Only send diff of cluster state instead of full cluster state #6295

bluelu · 2014-05-23T13:23:06Z

If you have many nodes, and many index, even a small cluster state will trigger 500 MB of data to be sent to all nodes from the master. A few small rebalancing operations will kill the cluster.

This is a big issue.

Would be good if only the diff could be sent, then later merged. If node isn't at previous version, then fall back to current behaviour and send full state.

kimchy · 2014-07-04T14:59:49Z

@bluelu which version are you using? I haven't seen a compressed cluster state that is 500mb, we compress and all in our infra when we publish and so on.

Changing to send deltas will require quite a big change, its an option of course, but its a really big change since we rely on the full cluster state to be continuously published.

I have helped several users with large cluster state, and improved things internally. The size was not the issue, it was things like inefficient processing of large cluster state.
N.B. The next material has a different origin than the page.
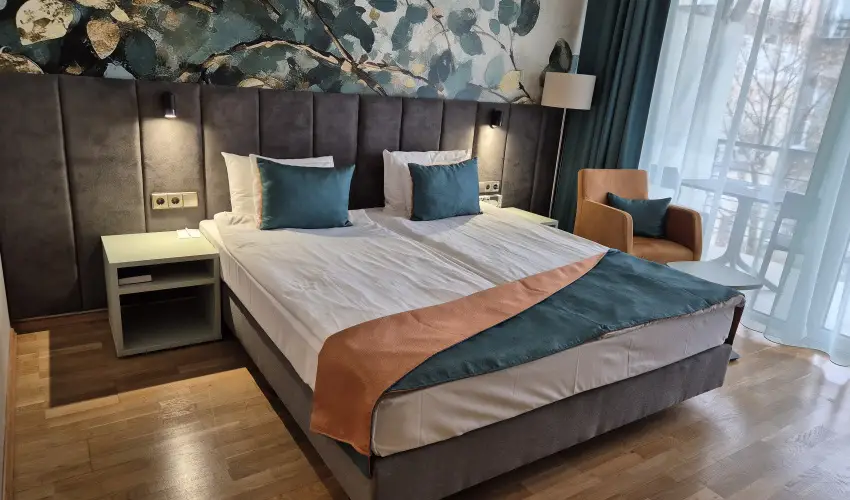 Sz�pia Bio & Art Hotel Zs�mb�k - P�nk�sd - teljes el�refizet�ssel (min. 2 �j)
bluelu · 2014-07-04T15:27:35Z

We are currently using elasticsearch-1.0.2.

{
"cluster_name" : "abc",
"status" : "green",
"timed_out" : false,
"number_of_nodes" : 505,
"number_of_data_nodes" : 489,
"active_primary_shards" : 8667,
"active_shards" : 17334,
"relocating_shards" : 2,
"initializing_shards" : 0,
"unassigned_shards" : 0
}
The uncompressed state is 2 MB (curl -XGET 'http://localhost:9200/_cluster/state') and compressed about 700 KB.

We have more than 500 nodes in the cluster, so each update (e.g. when a shard gets rebalanced) will cause the state to be send to all nodes, which in total is close to 500 MB in total to be sent. This takes a few seconds to complete and takes up all the bandwith.

I can also send you the complete cluster state in private if that helps.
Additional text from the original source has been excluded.